Wednesday, November 14, 2007

Adjusting the Vote

I was too ill to perform my duty as the Democratic observer at the Harris County central counting office last week, so at the last minute I asked John Behrman to stand in for me. And look what he saw:

The county Web site already showed that all precinct totals had been counted; three sheriff's deputies who guarded the counting process on the fourth floor of the County Administration Building in downtown Houston had been sent home.

Also in the locked, glass-walled room were Republican (Harris County Clerk Beverley) Kaufman and John R. Behrman, a computer expert and longtime election observer representing the Democratic Party. He said he considers Kaufman's staff the most knowledgeable election computer administrators on the continent and does not question their motives.

But Behrman said he was shocked when he saw (county elections administrator Johnnie) German use a series of passwords and an "encryption key" — a series of numbers on a nail file-size computer memory storage device — to reach a computer program that said "Adjustment."

"A hundred percent of precincts reporting, and everything had been distributed to the press," he said. "Then and only then did I see how they were going to do this, and frankly I never thought it was possible.

"Basically it turns out, without regard to any ballots that have been cast, you can enter arbitrary numbers in there and report them out in such a way that, unless you go back to these giant (computer) logs and interpret the logs, you wouldn't know it has been done."

Hart InterCivic has converted nearly the entire state of Texas to e-Slates. What do you think the security of your ballot might be in a rural county -- where there ain't too many folks who know much 'bout computers?

But the real value is in the largest counties in the state, where manipulating the tally -- say, in an $800 million bond election -- has a chance for a real payoff.

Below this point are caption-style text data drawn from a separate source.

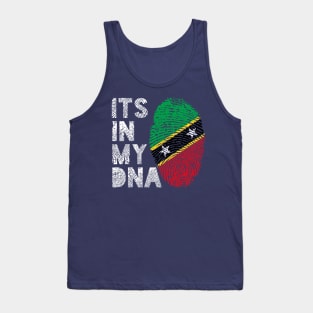 Saint Kitts and Nevis Roots Flag Fingerprint Tank Top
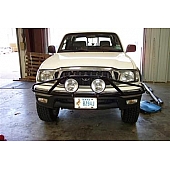 N-Fab Pre-Runner - Gloss Powder Coated Black Steel - T012LH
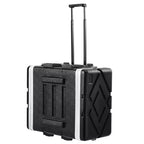 VEVOR 6U Rack Case, Standard 19 in Depth, Server Rack Cabinet with ABS Construction Wheels Heavy-Duty Twist Butterfly Latches,Detachable Front, Black
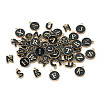 Initial Letter A~Z Alphabet Alloy Enamel Charms ENAM-TA0003-58-3
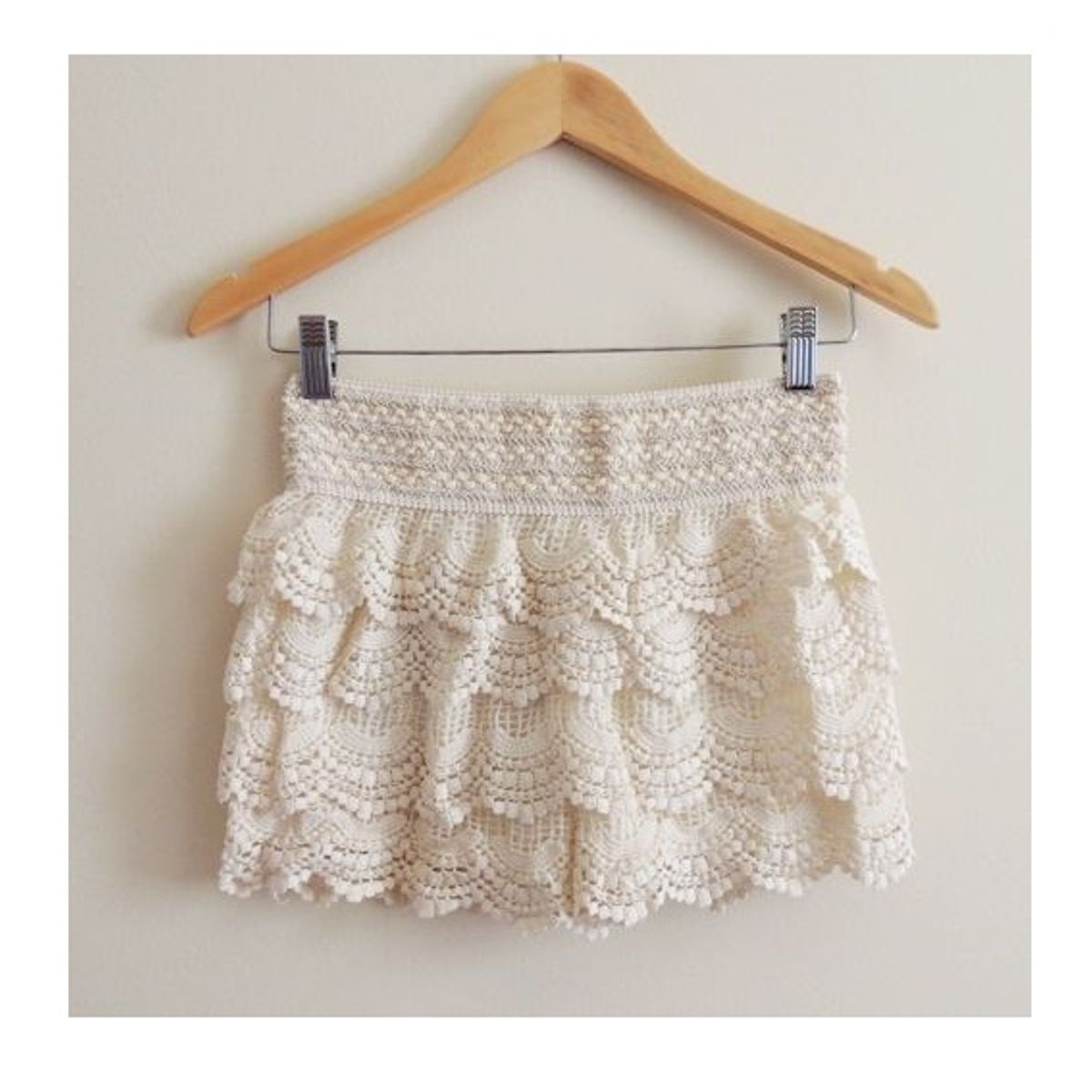 GARSIL - Short De Algodon Para Mujer Con Pretina Y Diseño En Tejido - Tiro Alto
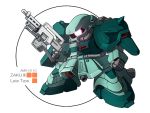  beam_machinegun chibi glowing gundam gundam_zz mecha no_humans solo take_tonbo zaku_iii 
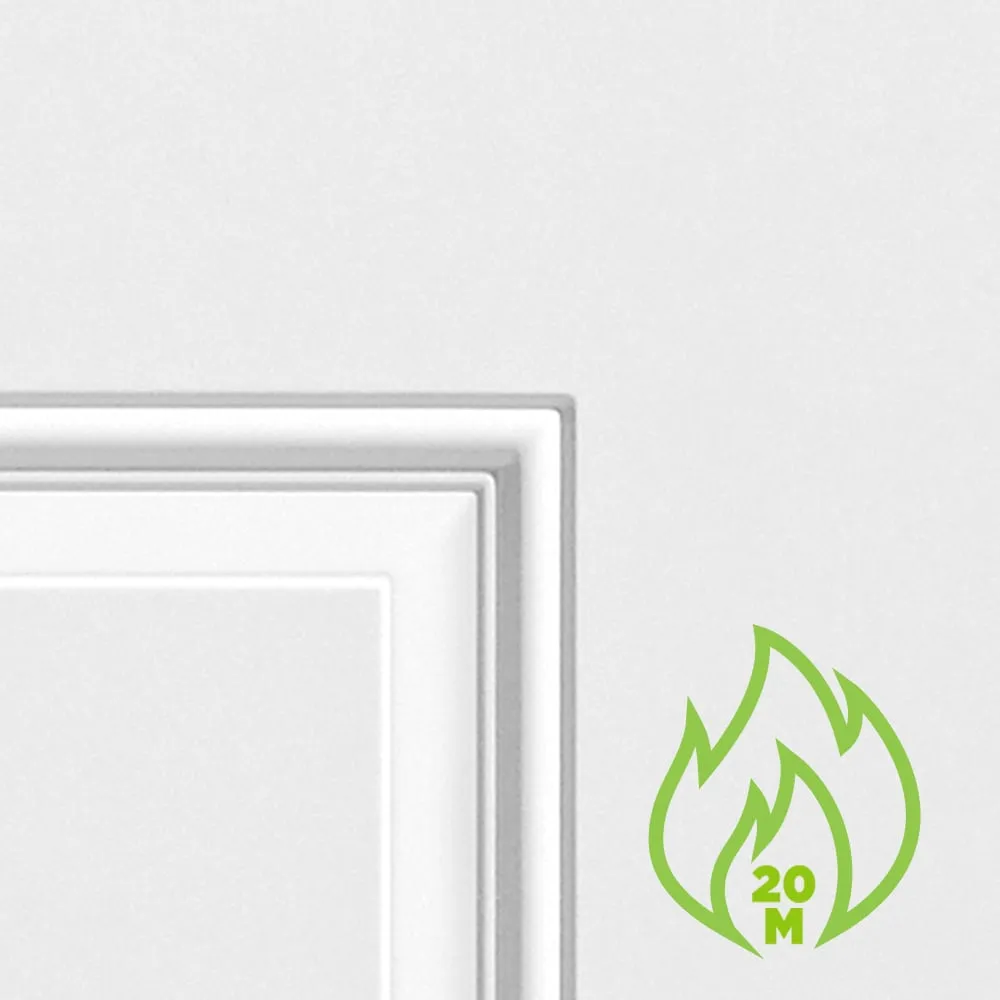 Masonite 32-in x 80-in Steel Right-Hand Inswing Primed Fire-Rated Prehung Single Front Door with Brickmould, photo 2 of 6
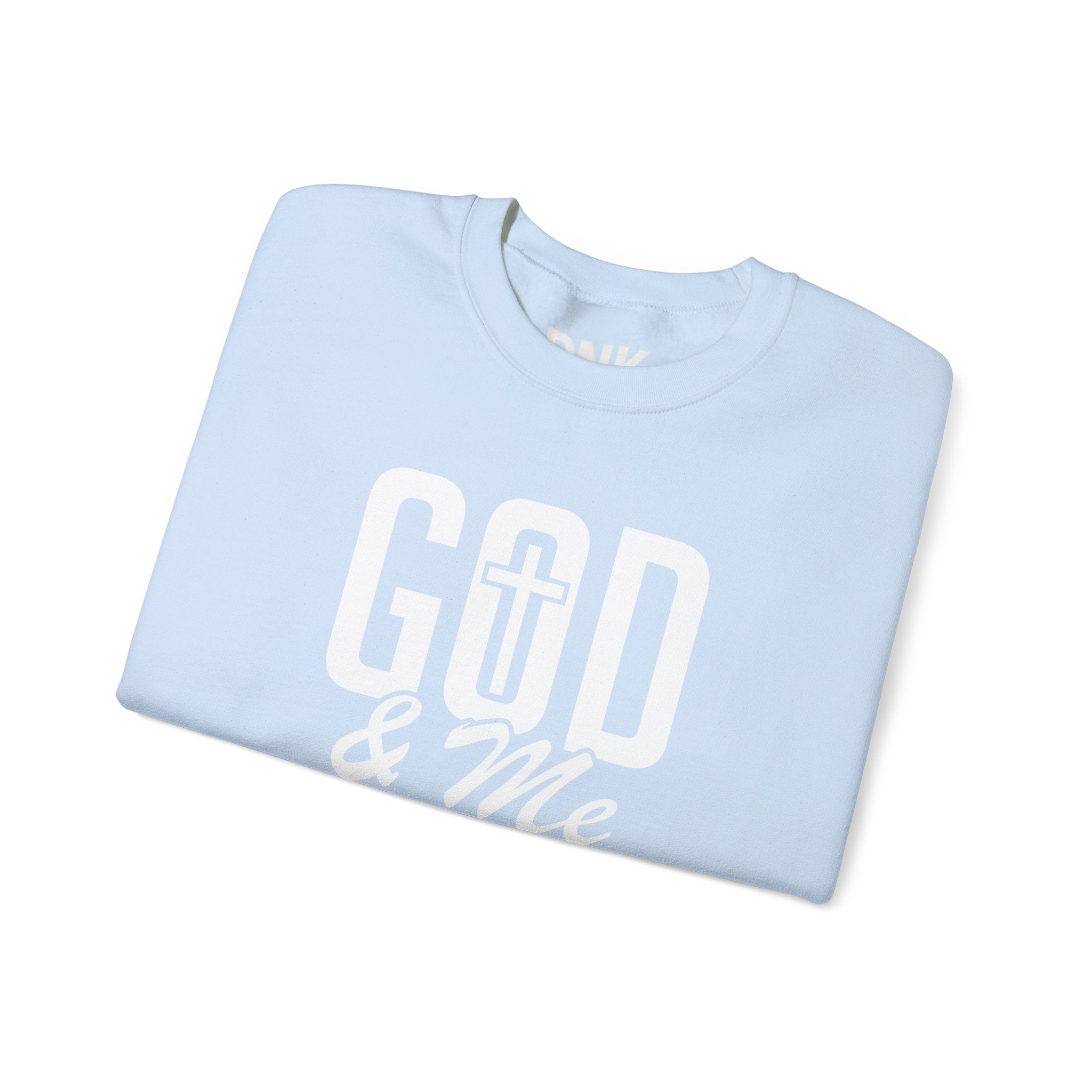 God & Me Sweatshirt | Cross Back Christian Sweater| Religious Gift| God Sweatshirt| God Is Good| Faith Sweate| Jesus Lover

For a few insiders.

Who needs to hack the vote when you can just bribe a county elections official?

Why do you think several states have decertified Hart InterCivic's e-Slates for use?

And it's easy to understand the nonchalance of Republican officials and Republican-appointed judges, but why do you suppose it is that Houston's Democrat mayor (and rumored candidate for governor in 2010) , Bill White, doesn't really care about this problem?

Update (11/15): Charles Kuffner digs deeper, including this comment from Rice professor Dan Wallach, one of the country's foremost authorities on voting machine technology:

So, indeed, Hart has multiple lines of defense. Unfortunately, every one of them is incorrectly engineered, rendering the system entirely vulnerable to compromise. Of course, I am not stating that any such compromise has ever happened in Harris County. What I am saying is that the design of the Hart system is entirely insufficient to prevent such attacks, should a competent attacker wish to make them.